Abstract 2 Title: Transforming how we assess progress against global goals
Presentation Abstract 2:
There are two key questions that the global evaluation community is currently confronted with. First, how can we collectively ensure that evaluation is planned, undertaken and used to support progress against all the Agenda's 17 Goals? Second, how can we systematically ensure that evaluation also supports progress on gender equality and women’s empowerment? This presentation will cover some of the specific initiatives that UN Women is currently coordinating in order to address not only these two questions but also the broader implications for the focus, scope and purpose of its own evaluation practice. The presentation will also provide the audience with a review of cutting-edge tools (guidance notes, action plans, scorecards) that could be adapted in the future to better serve the emerging needs and interests associated with the new SDG scenario.
Abstract 3 Title: Challenging the Tyranny of Percentages in Brazil: Equity-focused M&E for children’s rights.
Presentation Abstract 3:
Brazil has made significant progress in child rights in 25 years, achieving high rates in indicators such as school enrolment, which reaches 93% children. But what if the remaining 7% represent 3 million? What if the majority of the excluded ones are poor, indigenous or have disabilities, continuing their vulnerability cycle? Is 7% still acceptable? UNICEF Brazil has challenged these percentages and established equity-focused strategies to guarantee the rights of all Brazilian children. Using data and evidence, monitoring and evaluation become tools for empowerment of rights-holders. Local action connects with global goals, promoting an integral perspective of development. By unpacking indicators beyond numbers and drilling down into the smallest residual rates, the UNICEF Municipal Seal of Approval and the Platform for the Urban Centers are changing the way local decision-makers and communities perceive indicators and evidence. But being fully equitative even under these nearly ideal circumstances has its own challenges.
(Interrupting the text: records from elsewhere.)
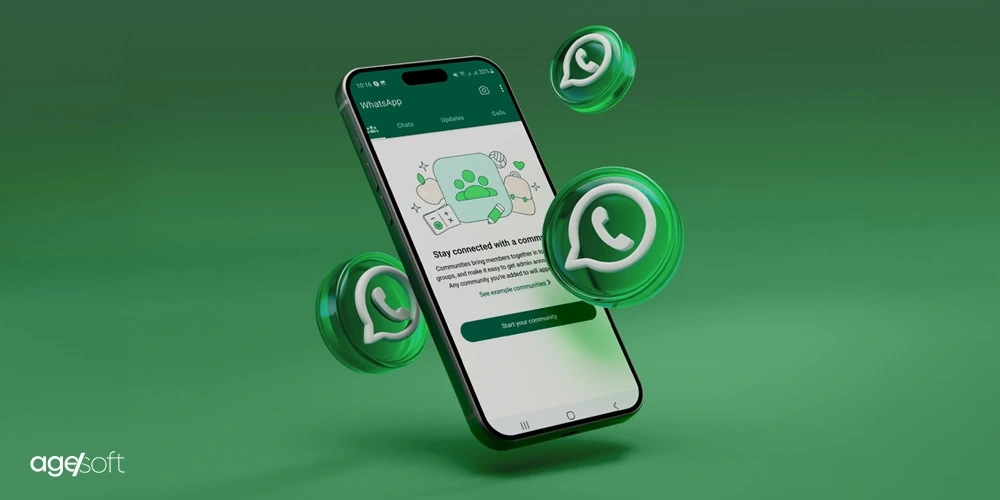 WhatsApp Business Nedir, Ne İşe Yarar?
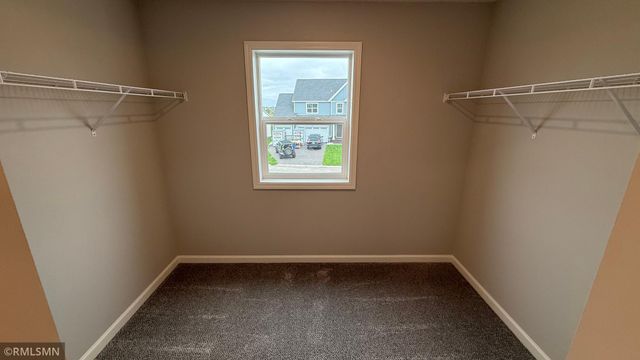 2779 Ivy Avenue NE, Saint Michael, MN 55376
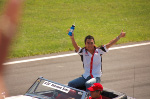 Canadian Grand Prix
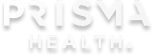 prisma-health-white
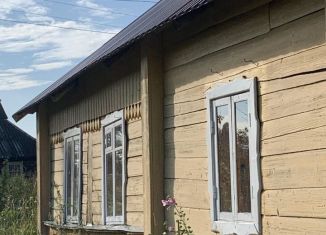 Дача на продажу, 20 м2, Псковская область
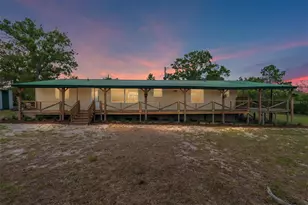 9950 SE 136th Terrace, Dunnellon, FL 34431 - Photo 3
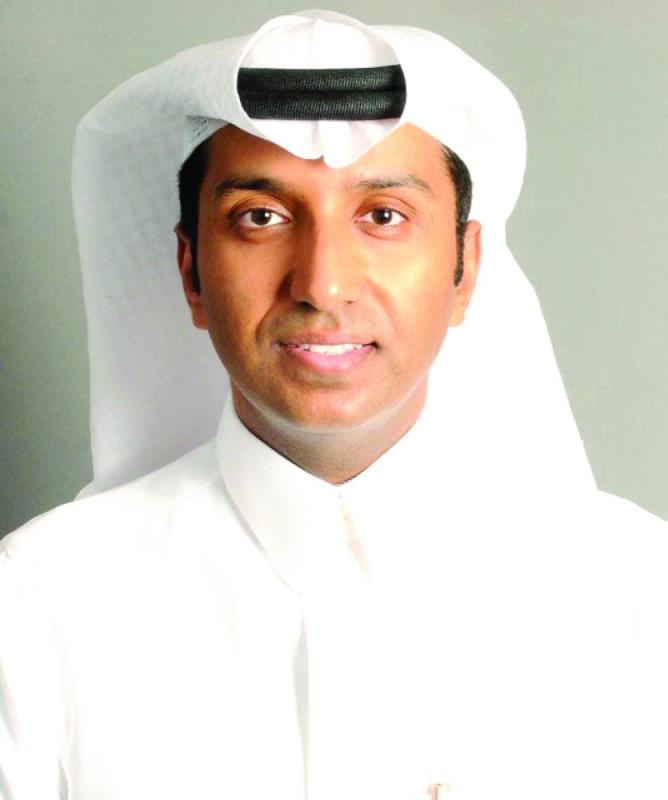 الخلطات الشعبية.. علاج وهمي لـ«كورونا»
Audience Level: Intermediate
The Sustainable Development Agenda adopted by the UN General Assembly in September 2015 consists of 17 Goals and 169 associated targets. Despite the encompassing scope of the document, the word equity is not mentioned in the text at all. Likewise, while the document recognizes country ownership of SDG processes, the mechanisms in place to evaluate the Agenda come across as a bit unclear. In response to such limitations, the panel will provide a critical analysis of how international agencies, national governments and civil society organizations have been able to measure equity in a responsible and sustainable manner at the national and sub-national levels. Drawing on the lessons learned in equity measurement thus far, the panel will advocate for the use of alternative measures to traditional statistical averages. Lastly, it will look at how existing evaluation capacity development programs could enhance further countries’ capacity to evaluate equity in the SDG era.